Record extracts:
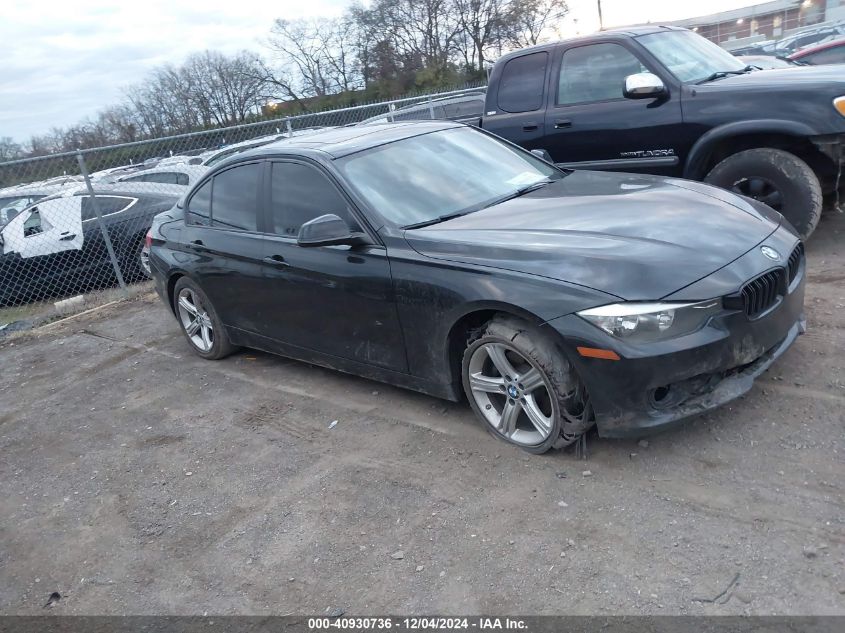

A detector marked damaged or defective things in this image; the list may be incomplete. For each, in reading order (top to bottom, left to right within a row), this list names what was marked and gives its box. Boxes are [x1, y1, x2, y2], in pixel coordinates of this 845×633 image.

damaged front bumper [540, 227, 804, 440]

...

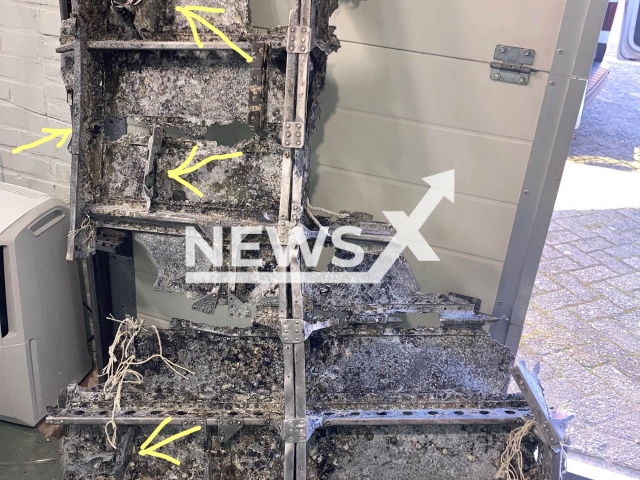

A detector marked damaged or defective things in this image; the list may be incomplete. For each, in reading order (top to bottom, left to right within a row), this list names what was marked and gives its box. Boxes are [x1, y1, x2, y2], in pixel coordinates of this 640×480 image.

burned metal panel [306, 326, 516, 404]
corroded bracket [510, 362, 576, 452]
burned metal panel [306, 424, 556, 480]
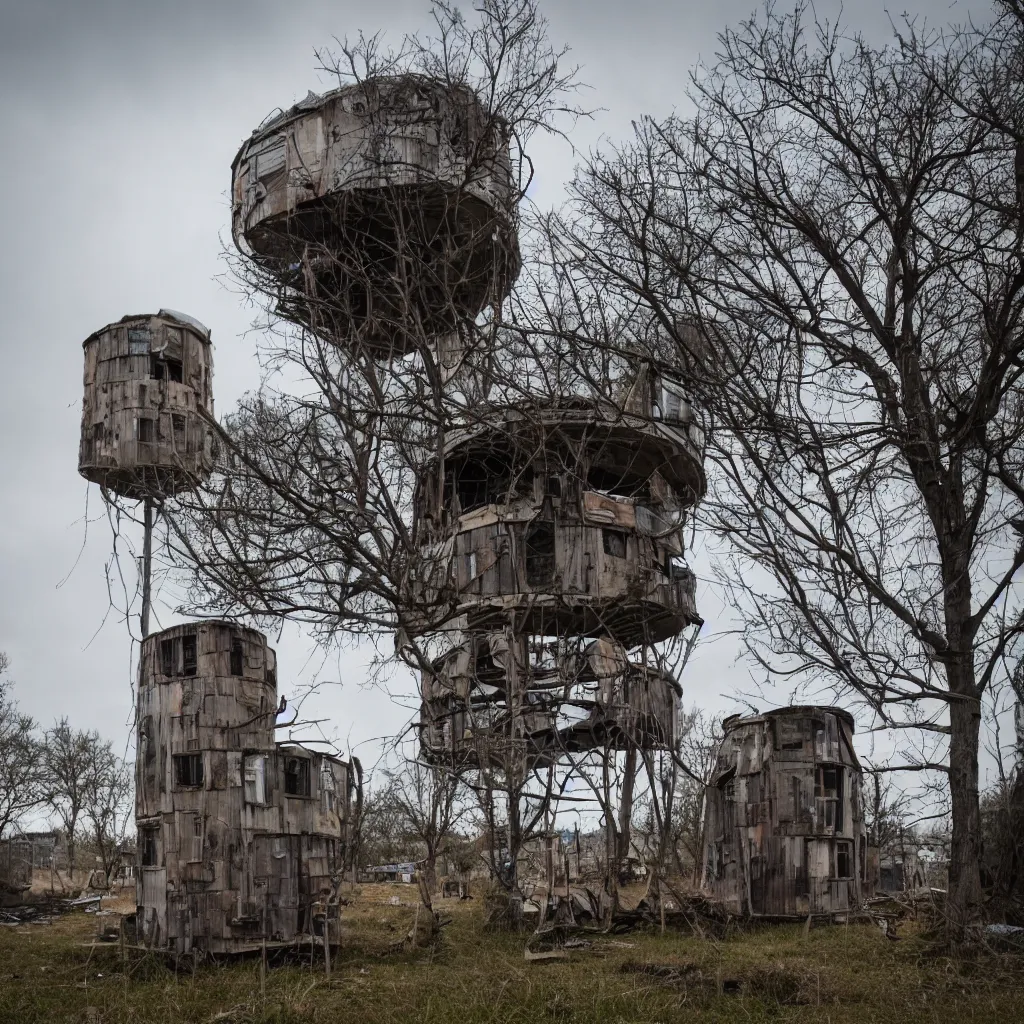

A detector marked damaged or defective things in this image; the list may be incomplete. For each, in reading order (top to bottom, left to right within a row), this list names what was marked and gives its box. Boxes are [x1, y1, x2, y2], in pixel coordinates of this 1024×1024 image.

What is needed: Only one stretch of the entries above is needed: the lines from the one containing "this 640×480 image." through the one containing "this 1024×1024 image.". Copy it exactly, without the pictures.

Task output:
A detector marked damaged or defective things in this image; the list may be incomplete. For each, in reading order (top to bottom, left to right within a row), this list names what was marked and gives its box. Boxes are [x1, y1, x2, y2], in pixel coordinates of this 640×480 image.

burned metal panel [306, 326, 516, 404]
corroded bracket [510, 362, 576, 452]
burned metal panel [306, 424, 556, 480]

A detector marked damaged or defective things in this image; the list may be incomplete. For each, in reading order (top to bottom, left to right within a row), this list names what was marked and gives its box. Boxes are [x1, y1, x2, y2], in pixel coordinates of this 1024×1024 image.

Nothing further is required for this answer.